▶ **WHAT YOU ARE ASKED TO DO**: Write out exactly the lines below starting at the one containing "Vintage: Cabeza de" and ending at the one containing "Used 2022 Volkswagen Taos SEL image 29". Omit every picture.
== DATA FOR THIS EXERCISE ==
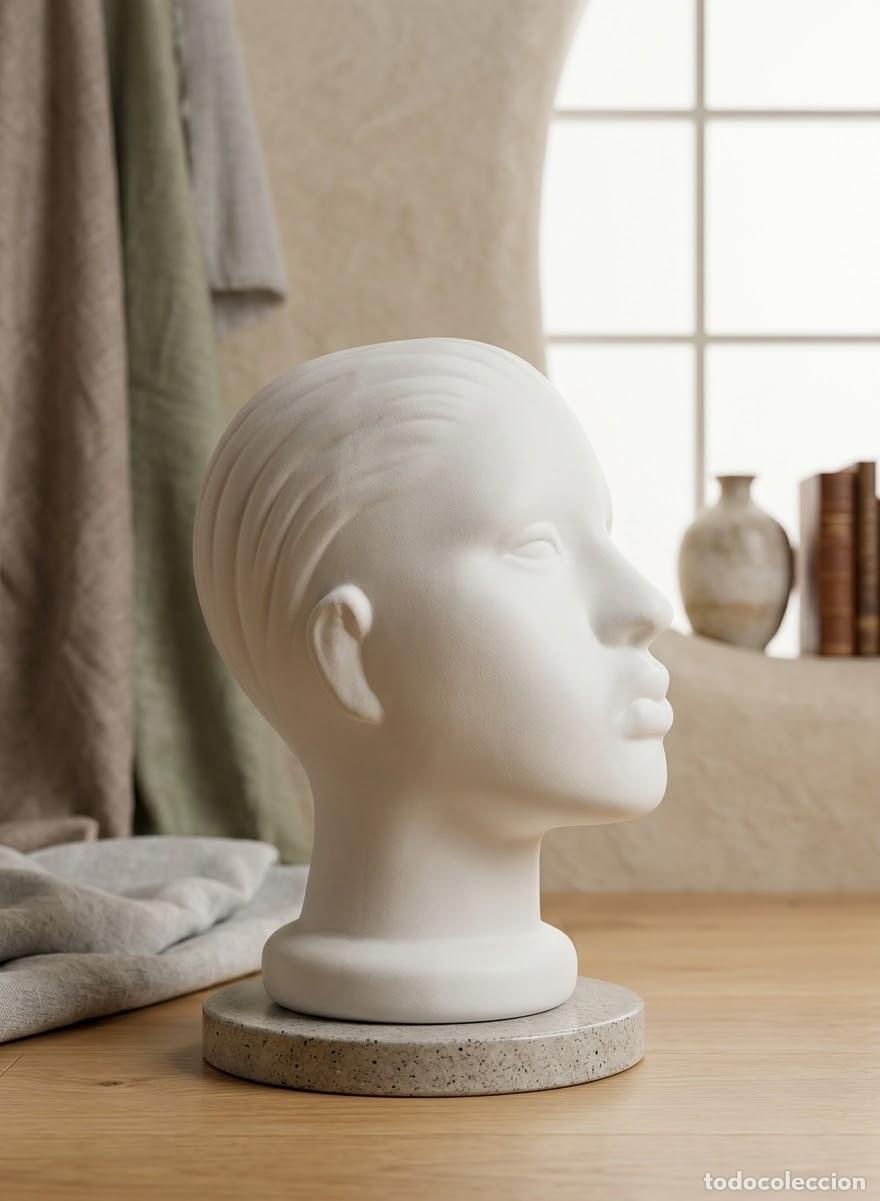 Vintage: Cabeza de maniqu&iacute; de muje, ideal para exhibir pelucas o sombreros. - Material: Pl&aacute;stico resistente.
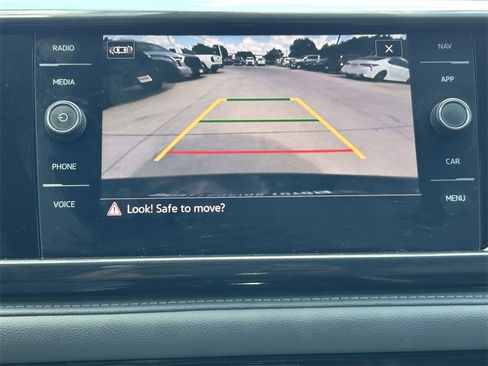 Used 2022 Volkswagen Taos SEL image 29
===
== DATA FOR THIS EXERCISE ==
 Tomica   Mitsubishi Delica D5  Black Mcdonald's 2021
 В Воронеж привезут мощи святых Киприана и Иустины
===
== DATA FOR THIS EXERCISE ==
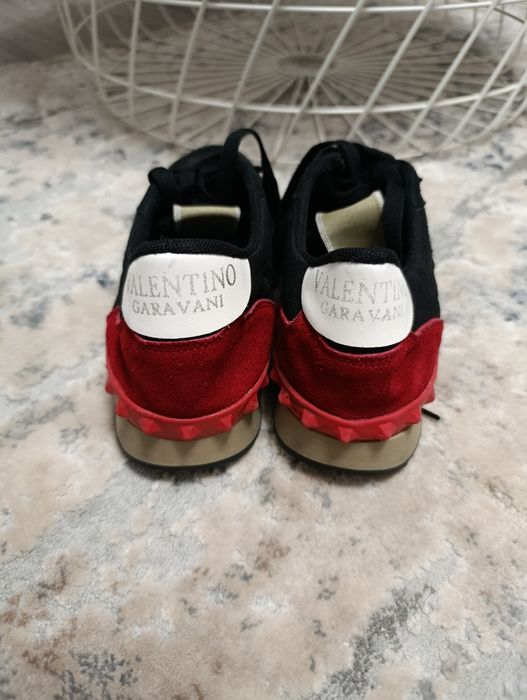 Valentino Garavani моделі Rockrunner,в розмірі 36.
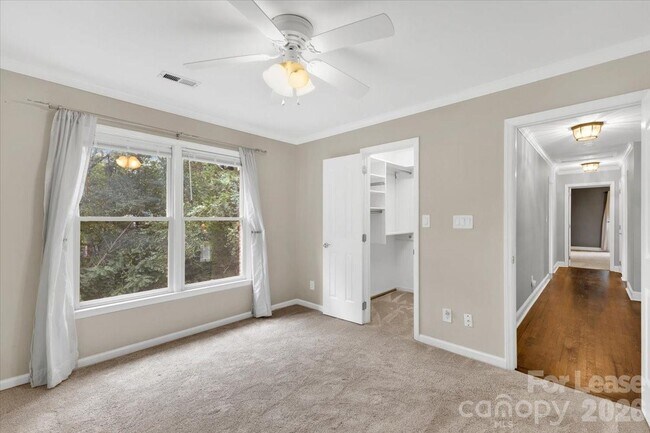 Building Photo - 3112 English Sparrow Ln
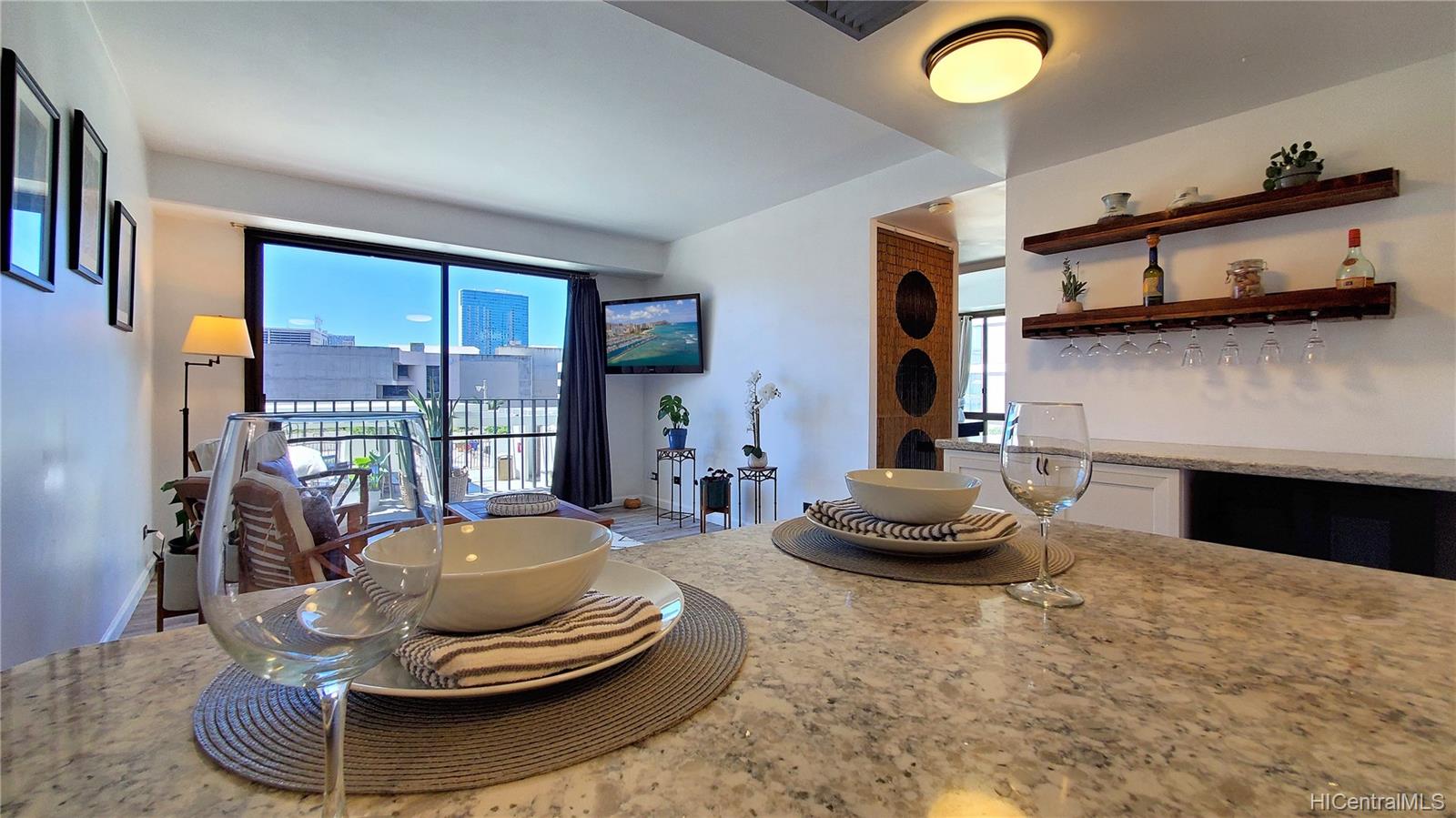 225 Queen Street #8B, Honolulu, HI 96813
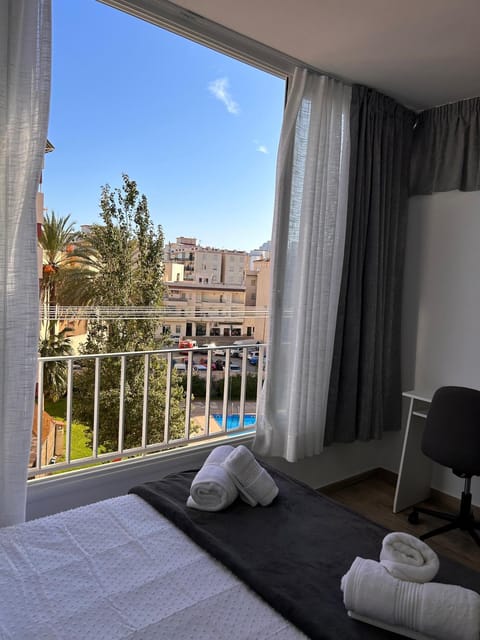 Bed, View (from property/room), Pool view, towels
===
▶ **REPLY**:
 Vintage: Cabeza de maniqu&iacute; de muje, ideal para exhibir pelucas o sombreros. - Material: Pl&aacute;stico resistente.
 Used 2022 Volkswagen Taos SEL image 29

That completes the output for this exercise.